Coupon Accepted Successfully!


Single Gene Disorders with non Mendelian inheritance


Disorders of trinucleotide repeat mutations

  • Normally, a codon is triplet (trinucleotide).
  • In the normal people, the number of repeat of a particular triplet codon is small (e.g. for CGG it is 5-50 and CGG triplet codon can be repeated, at a stretch, 5-50 times).
  • In trinucleotide repeat mutations, this nucleotide sequence undergoes amplification (expansion of a stretch of nucleotide) and the same sequence is repeated many times in the genome.
  • Initially there is a small increase in trinucleotide copy number (e.g. 55-200 of CGG in fragile X syndrome) which is referred to as premutation. In premutation the disease is not manifested and the person acts as carrier.
  • If the expansion of repeats goes above a threshold level (e.g. > 200 of CGG repeat in fragile X-syndrome), gene function is impaired and the disease is manifested.
  • The repeat may be located in        
  1. Coding region → Huntington disease, Spinobulbar muscular atrophy.
  2. Non-coding region → Fragile-X syndrome, myotonic dystrophy)
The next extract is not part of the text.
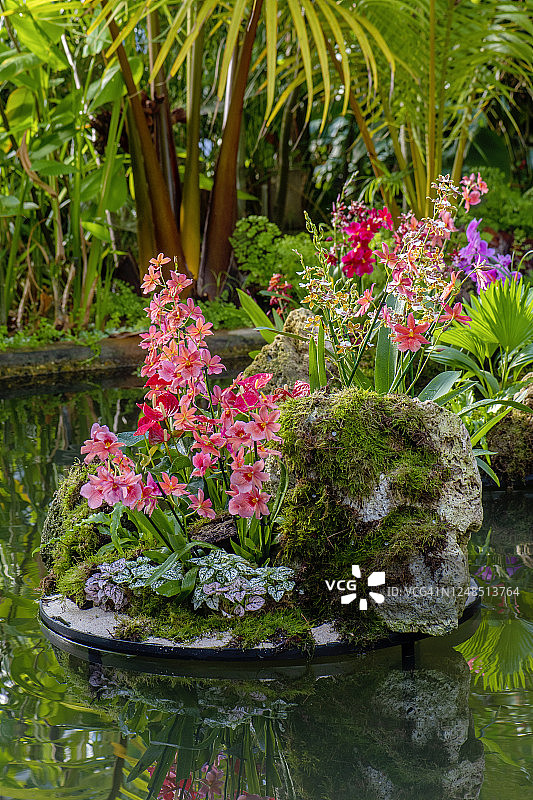 美丽兰花与红色火鹤花特写图片素材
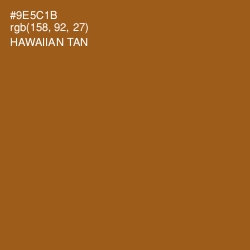 #9E5C1B - Hawaiian Tan Color Image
  • Anticipation is a phenomenon where by the symptoms of genetic disorders become apparent at an earlier age as it is passed to next generation.
  • In triplet nucleotide repeat mutation, the DNA fragment is unstable and tends to expand further during cell division
  • So, in successive generations the expanded repeat increases and the manifestations of disease may worsen or to be observed at an earlier age; this phenomenon is referred to as anticipation.

Fragile - X syndrome    

  • Fragile - X syndrome is the prototype of diseases in which the mutation is characterized by a long repeating sequence of three nucleotides.
  • In fragile X syndrome, trinucleotide repeat mutation involves CGG on non coding region.
  • Clinical features of fragile - X syndrome
    • Mental retardation
    • Long face with large mandible  
    • Hyperextensible joint
    • Mitral valve prolapse
    • Large everted ears  
    • Large testis (macro-orchidism)
    • High arched palate
  • Fragile X syndrome is the second most common cause of mental retardation, after Down’s syndrome.

Genomic imprinting

  • Human inherits two copies of each gene, i.e. two alleles, from homologous maternal and paternal chromosomes.
  • There is no functional difference between the genes derived from mother or the father.
  • But, with respect to some genes, there are functional differences between the paternal gene and maternal gene.
  • These differences result from an epigenetic process, called genomic imprinting.
  • In most cases, genomic imprinting selectively inactivates either the maternal or paternal allele.
  1. Maternal genomic imprinting
    - Selective inactivation of maternal allele.
    - Example is Angelman syndrome.
  2. Paternal genomic imprinting
    - Selective inactivation of paternal allele.
    - Example is Prader - Willi syndrome.

Prader Willi Syndrome

Deletion occurs exclusively on paternal chromosome 15 (deletion of band q 12 in long arm of chromosome 15)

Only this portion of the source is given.